Would you return the data exactly as given, except for its pictures?

DATA SECTION Block Start

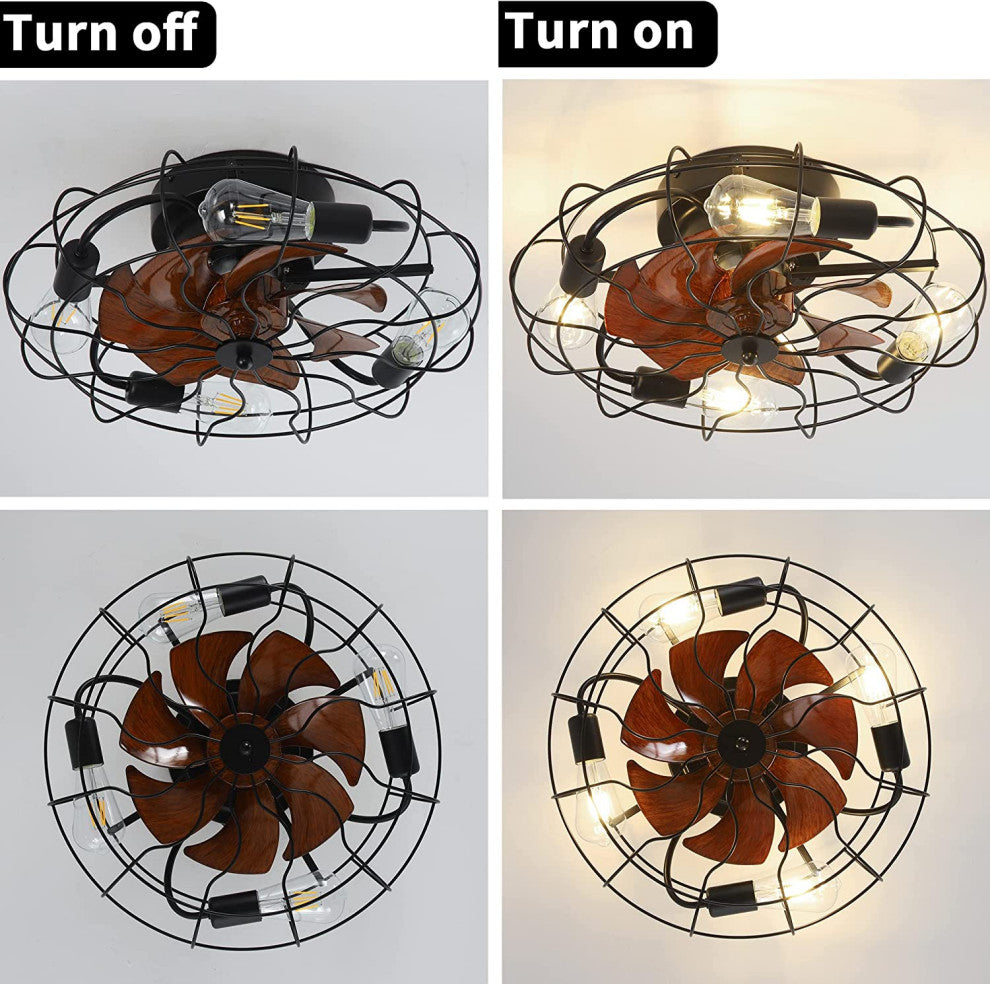 Black Cage Flush Mount Ceiling Light, Fan And Remote Control, 5 Light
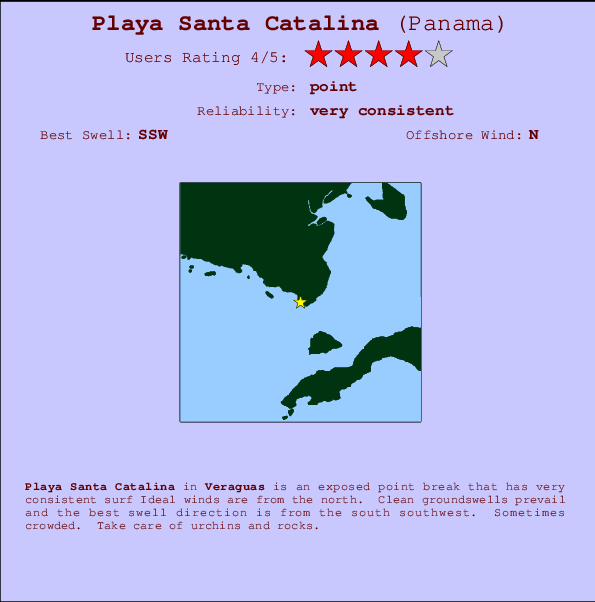 Playa Santa Catalina mapa de ubicación e información del spot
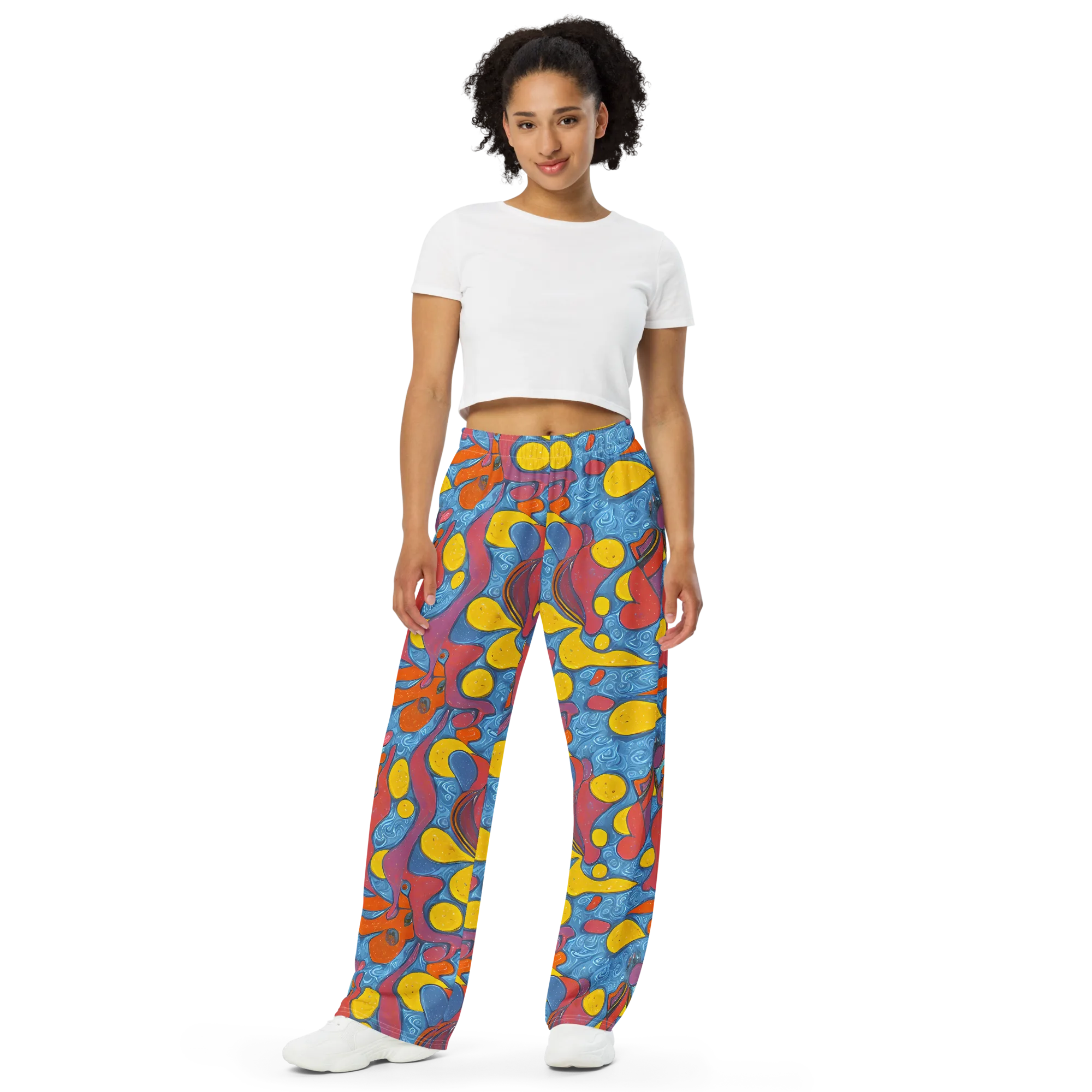 Surreal Splash on Wide-Leg Pants — Front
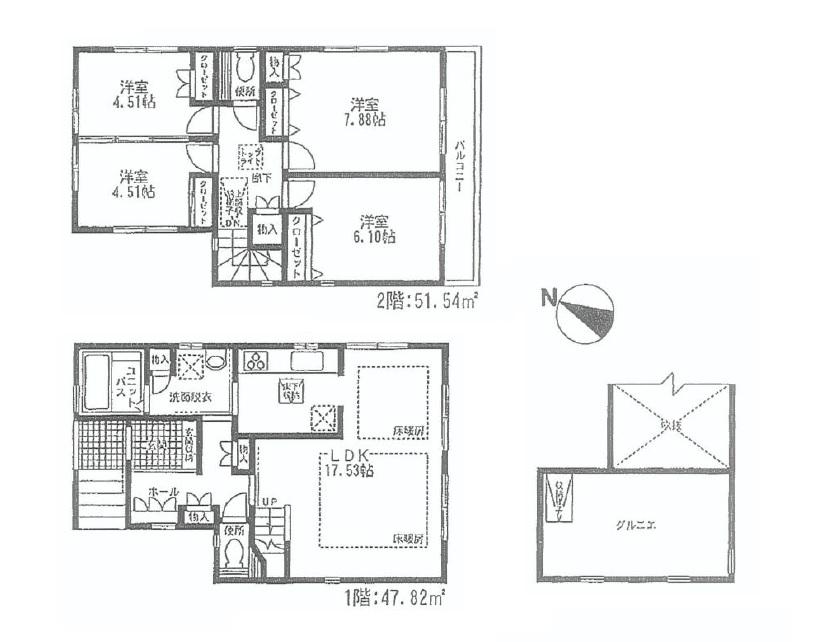 Floor plan. (B Building), Price 42,850,000 yen, 4LDK, Land area 103.1 sq m , Building area 99.36 sq m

DATA SECTION Block End

* **RESPONSE TO THE EXERCISE**
 Black Cage Flush Mount Ceiling Light, Fan And Remote Control, 5 Light
 Playa Santa Catalina mapa de ubicación e información del spot
 Surreal Splash on Wide-Leg Pants — Front
 Floor plan. (B Building), Price 42,850,000 yen, 4LDK, Land area 103.1 sq m , Building area 99.36 sq m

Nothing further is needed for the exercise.